Two weeks ago, more than 4,000 wide-eyed teens streamed into a once-elegant ballroom on Lawrence Avenue where it seemed all their musical fantasies might come true. At one novelty booth near the back of the main floor they could play guitars loaded with effects; at another they could burn their own CDs, compiling tracks by preapproved alternative bands. The concert later that evening was being sponsored by Yahoo! Outloud. The tickets were a steal at $15, so many kids lined up to buy souvenir T-shirts at $30 a pop. The most popular booth by far offered a photographer with a digital camera and cardboard cutouts of guitar-pop band Weezer. Any fan could get a free color photo of herself posing with her favorite two-dimensional rock star.

In the ladies' lounge two girls about 16 years old breathlessly discussed their rock star crushes. "You know, we should go stand in that certain area right now," said one, "so that we can see that one person." Weezer's set was still hours away.

Claiming floor space is important to a girl like her. The closer she is to the front, the greater her chances of enticing her love object. This is what turns a fan into a groupie--abandoning reason, diving headfirst into rapture, making oneself vulnerable. Perhaps her hero will notice the twinkle in her eye or the way she shakes her hips and pull her onstage for a kiss. Perhaps he'll invite her backstage to enjoy the band's catered food and fine wine. Perhaps after the set he'll retrieve her with a bouquet of flowers and an aching hard-on, handling her body the way he handles his guitar.
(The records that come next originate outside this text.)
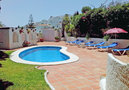 Villa Bravo,Nerja,Costa del Sol image-30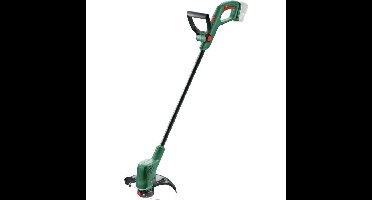 Bosch Easy GrassCut 18V-26 grastrimmer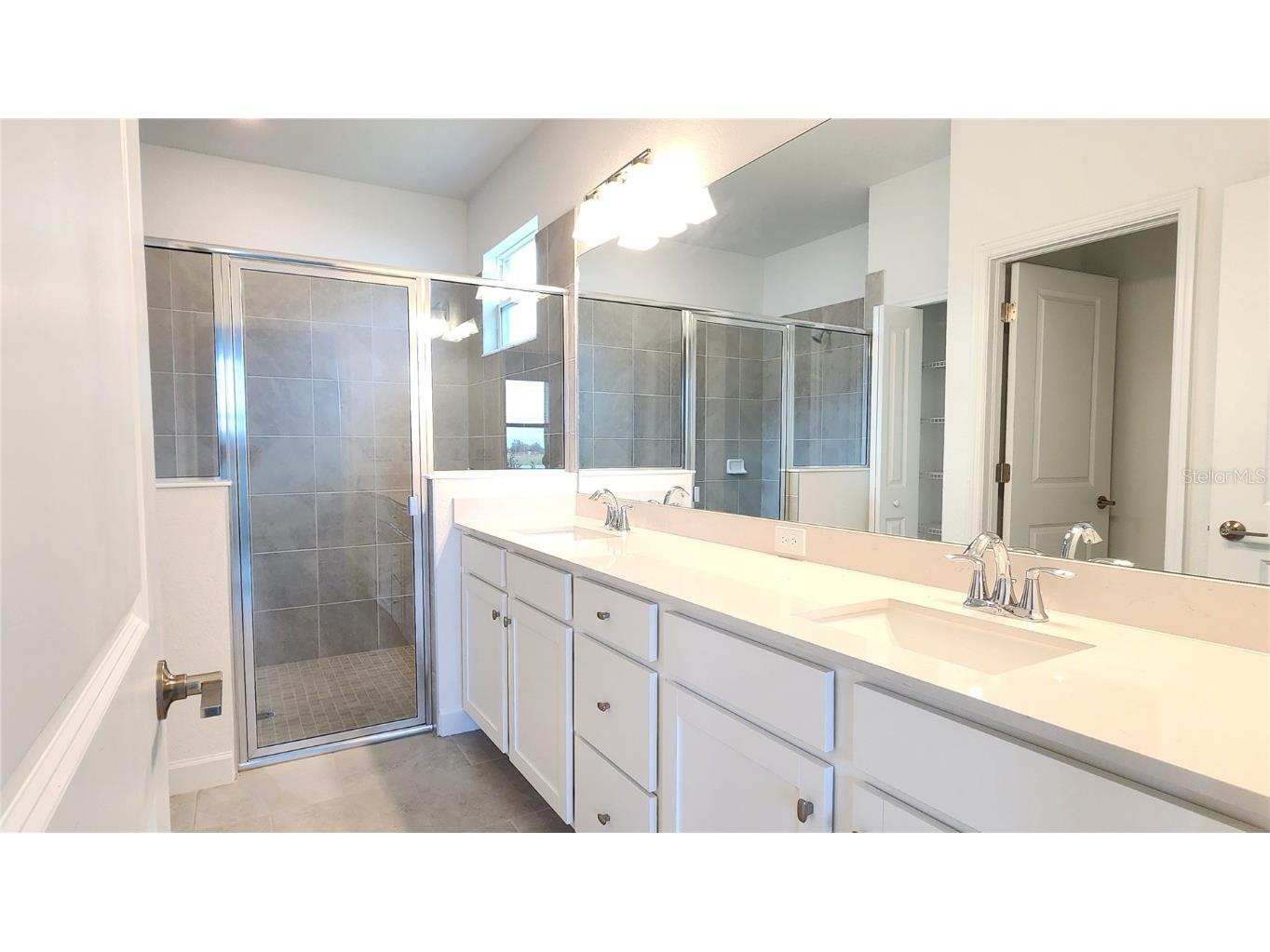 3332 Night Star Terrace Parrish FL 34219 TB8444999 image17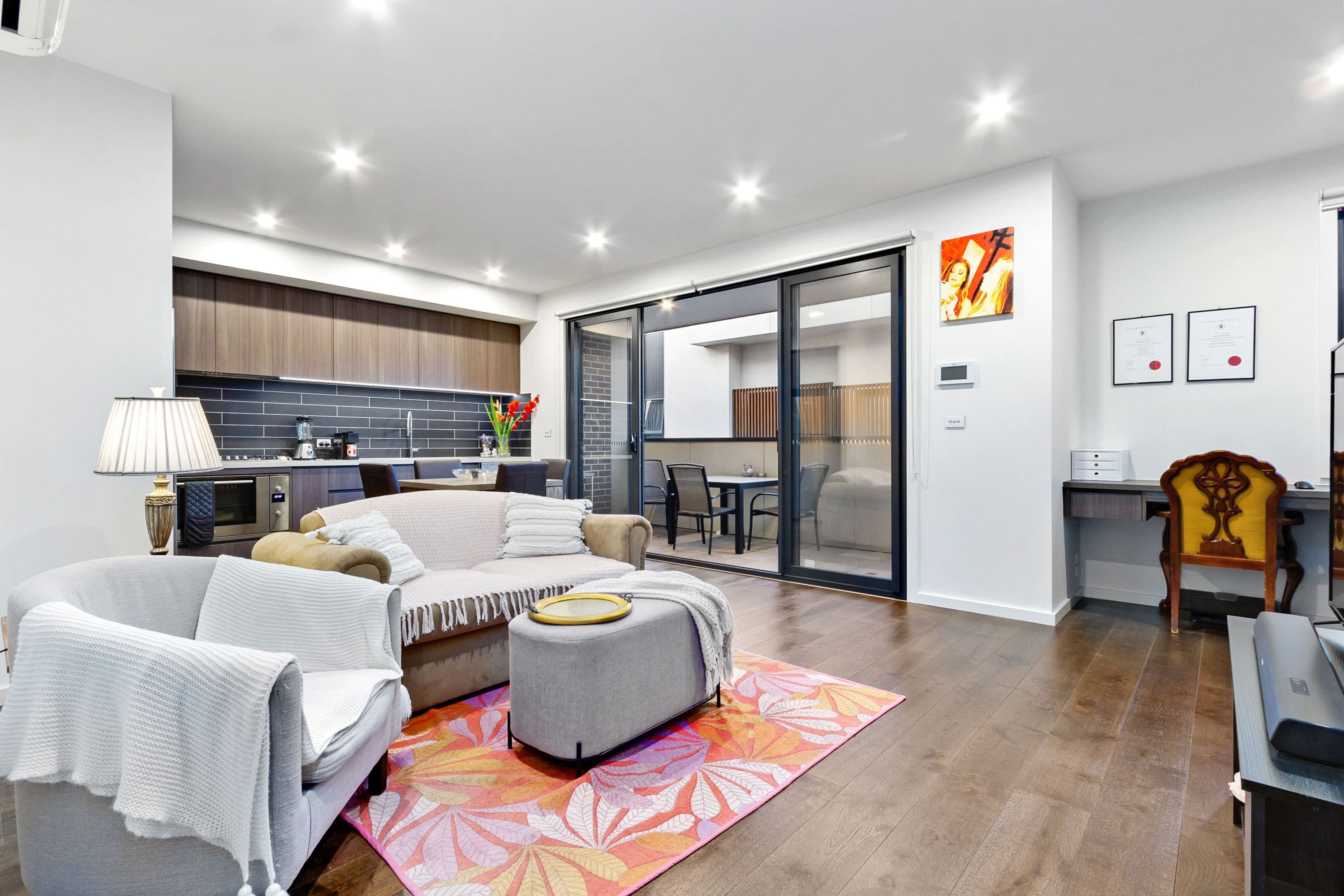 249 Williamsons Road, Templestowe VIC 3106, Templestowe - Thumbnail 4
It never occurs to her that a suburban teen might have nothing in common with a 30-year-old professional musician. Streamers and banners decorate the stage, and the band's videos are projected on the backboards of basketball hoops. It could be her homecoming dance, with the school mascot replaced by a Weezer logo. The band's songs all explore the mysterious phenomenon of falling in and out of love--a topic with which she's all too familiar. One song, "Surfwax America," even takes a poke at the jocks who call her a freak and a slut. This guy understands.

But the closer she gets to him, the more girls there are just like her. They're all wearing cardigans and jeans and little T-shirts, and they know all the words to the songs. That four-foot space between the barricade and the stage widens to a chasm, and soon she's desperate. She screams louder and moshes harder; she starts to hyperventilate. She knows she should move to the back and drink some water, but she'd rather die than stop gazing at her hero. She holds out until the last encore. Then her man waves good-bye and she's drenched in sweat, yelling at an empty stage while he sits in his tour bus, mentally checking off another city.

The 16-year-old girls who swooned over Weezer back in 1994, when their first album went double platinum (and stayed on the Billboard pop chart for 76 weeks), are young women now, and they know better. One of them stands in the balcony, watching the chaos below and recalling how their first hit, "Undone (The Sweater Song)," spoke to her when she first heard it on the radio. A discombobulated speech about identity loss and powerlessness, it hit her where she lived. She bought the album, wrote to the band's fan club for a lyric sheet, and memorized all the words.

One morning a DJ on Q101 announced that the 50th caller would win a pair of tickets and VIP passes to an upcoming Weezer show at Metro. She dialed the station again and again. First she was caller number 15, then caller number 32, and then, after the line rang for what seemed like an hour, caller number 50.

She invited her best friend, another Weezer fanatic, to come along, thinking the VIP passes would admit them to a private party, maybe even a barbecue, where they, Weezer, and a few of their closest friends could hang out and chat. She and her girlfriend brought notebooks so they could record every thought and emotion and publish their musings in their forthcoming Weezer fanzine.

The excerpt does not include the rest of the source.